Испытывая чувство усталой досады по отношению к людям и к их священным правам, я сложил газету, бросил ее на прилавок, возле которого сидел, и взглянул в окно. Я и в предшествующие семь дней главным образом читал газеты, и занятие это мне в конце концов малость осточертело. Эту неделю я провел в тесном, сверху донизу забитом товаром магазинчике на Мотт-стрит в Чайна-тауне. Сидел я там, как легко догадаться, не для собственного удовольствия, а во исполнение служебных обязанностей. А нанял меня владелец этого магазинчика — человек тертый и дошлый, по национальности китаец, по имени Ло Чан. Когда он явился ко мне в контору, я решил, что дело будет, во-первых, прибыльное, а, во-вторых, пустяковое. Что ж, в свое время мне ведь казалось, что правительство ревностно блюдет мои интересы и что жена будет любить меня до гроба. Печально, но с годами моя интуиция нисколько не развилась. Это обескураживает.
За окном был февраль — наихудшая пора в Нью-Йорке. Промозгло. Каждый кирпич, каждый торец тротуара промерзает насквозь; стоит только прикоснуться или хотя бы приблизиться — обжигает. Манхеттен, занесенный снегом, недурно, быть может, смотрится на экране, но когда вам в физиономию летит ледяная крупа — достаточно пройти десяток метров, чтобы нью-йоркская зима потеряла всю свою прелесть. Впрочем, можно вообще никуда не ходить, а просто выглянуть из окна. Эффект — тот же.
Так вот, зимой в Нью-Йорке — омерзительно уныло. Снег тает, не успев выпасть, и перемешивается с неизбывной грязью, сажей и копотью, а солоноватый ветер, налетающий с океана, пропитывается чадом горящего жира — этот чад и смрад выбрасывают наружу миллиард городских забегаловок — и все это оседает ледяной, скользкой коростой... Впечатление такое, будто коростой этой покрывается и тоскующая душа.
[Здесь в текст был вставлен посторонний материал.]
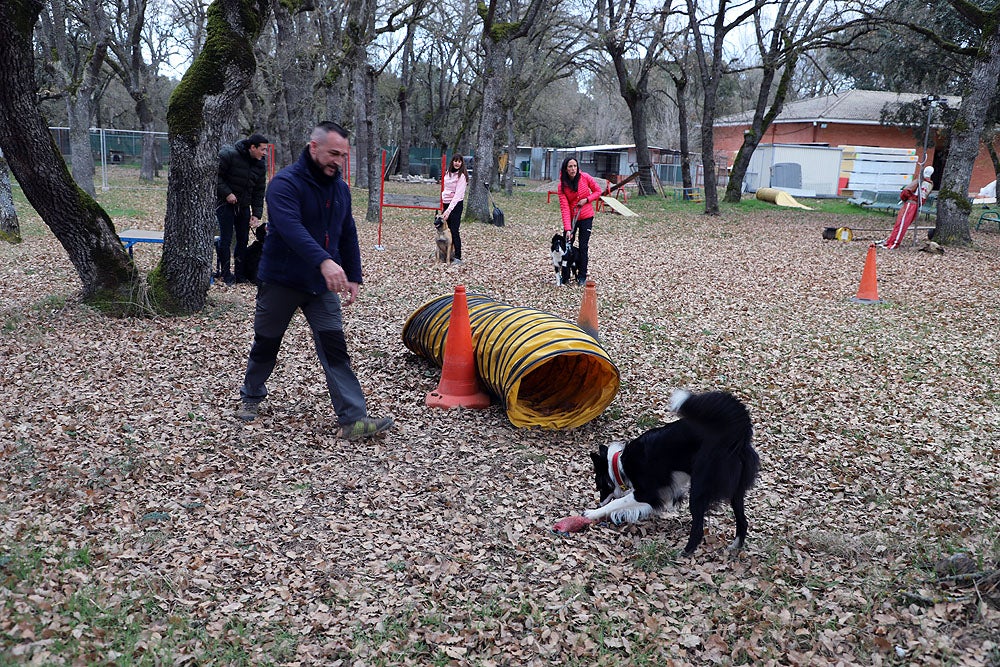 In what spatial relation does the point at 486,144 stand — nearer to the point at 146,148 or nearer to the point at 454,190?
the point at 454,190

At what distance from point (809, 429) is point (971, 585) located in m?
2.35

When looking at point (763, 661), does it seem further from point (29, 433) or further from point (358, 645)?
point (29, 433)

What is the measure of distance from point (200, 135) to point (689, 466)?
629 centimetres

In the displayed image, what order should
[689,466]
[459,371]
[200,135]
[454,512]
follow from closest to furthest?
[689,466]
[454,512]
[459,371]
[200,135]

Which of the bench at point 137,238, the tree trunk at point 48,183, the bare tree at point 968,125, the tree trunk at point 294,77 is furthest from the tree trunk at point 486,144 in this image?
the tree trunk at point 48,183

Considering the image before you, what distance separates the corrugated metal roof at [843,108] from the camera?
3703 centimetres

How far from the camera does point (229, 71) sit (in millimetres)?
8039

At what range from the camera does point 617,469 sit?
4402mm

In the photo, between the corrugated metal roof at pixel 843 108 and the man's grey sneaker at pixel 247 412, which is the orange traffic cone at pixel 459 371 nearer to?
the man's grey sneaker at pixel 247 412

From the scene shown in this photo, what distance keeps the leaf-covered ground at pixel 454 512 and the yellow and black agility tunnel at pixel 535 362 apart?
214mm

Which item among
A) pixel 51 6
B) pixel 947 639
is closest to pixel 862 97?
pixel 51 6

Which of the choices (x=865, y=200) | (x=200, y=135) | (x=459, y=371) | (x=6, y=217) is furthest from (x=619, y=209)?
(x=459, y=371)

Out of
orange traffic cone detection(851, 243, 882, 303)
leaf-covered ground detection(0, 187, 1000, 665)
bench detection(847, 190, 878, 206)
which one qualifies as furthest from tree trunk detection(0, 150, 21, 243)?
bench detection(847, 190, 878, 206)

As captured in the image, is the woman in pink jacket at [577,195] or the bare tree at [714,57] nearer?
the woman in pink jacket at [577,195] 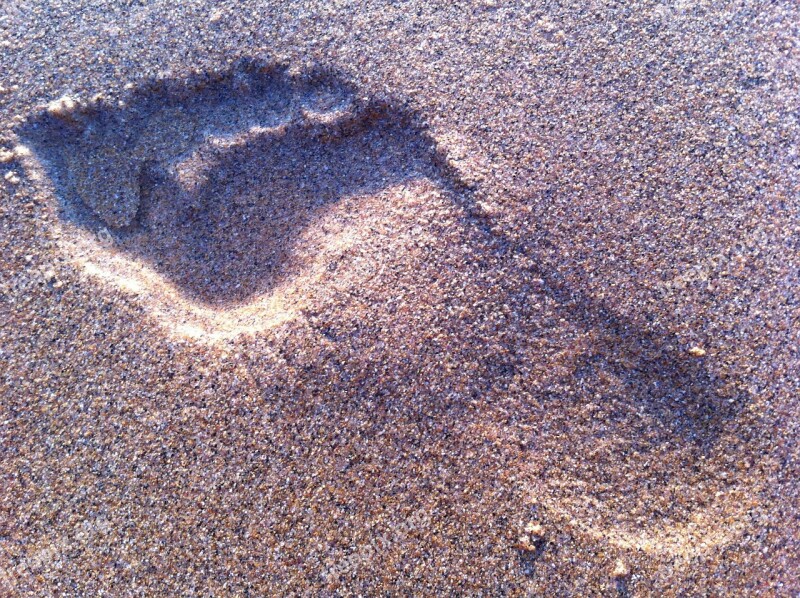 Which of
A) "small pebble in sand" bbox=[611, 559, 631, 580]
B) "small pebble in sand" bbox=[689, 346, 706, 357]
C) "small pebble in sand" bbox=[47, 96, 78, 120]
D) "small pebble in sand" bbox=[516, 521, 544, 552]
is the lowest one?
"small pebble in sand" bbox=[611, 559, 631, 580]

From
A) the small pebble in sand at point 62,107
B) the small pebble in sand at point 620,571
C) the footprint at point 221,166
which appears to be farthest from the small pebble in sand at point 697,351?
the small pebble in sand at point 62,107

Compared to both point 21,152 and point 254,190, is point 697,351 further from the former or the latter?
point 21,152

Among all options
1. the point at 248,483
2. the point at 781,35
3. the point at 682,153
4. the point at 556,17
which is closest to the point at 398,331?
the point at 248,483

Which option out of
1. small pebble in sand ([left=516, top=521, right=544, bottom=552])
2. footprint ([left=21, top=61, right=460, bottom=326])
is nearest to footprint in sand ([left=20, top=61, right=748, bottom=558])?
footprint ([left=21, top=61, right=460, bottom=326])

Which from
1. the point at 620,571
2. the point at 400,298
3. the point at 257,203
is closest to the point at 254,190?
the point at 257,203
Особенно тошно становится, когда славный народец, населяющий этот город, украсит обочины и тротуары грудами и кучами всякой дряни — куриными костями, корками пиццы, использованными пеленками, тампонами и презервативами, бутылками и жестяными банками, — а в доказательство того, что проку от всего этого больше нет, помочится сверху.
В окно я пялился минут пять — явно недостаточно, чтобы убить время. Мне было скучно. Скука проела меня до печенок: какой же я идиот, что согласился взяться за эту тягомотную работу. Память, словно издеваясь, подсказала ту сцену, когда Ло Чан явился ко мне, чтобы нанять для охраны своей лавочки.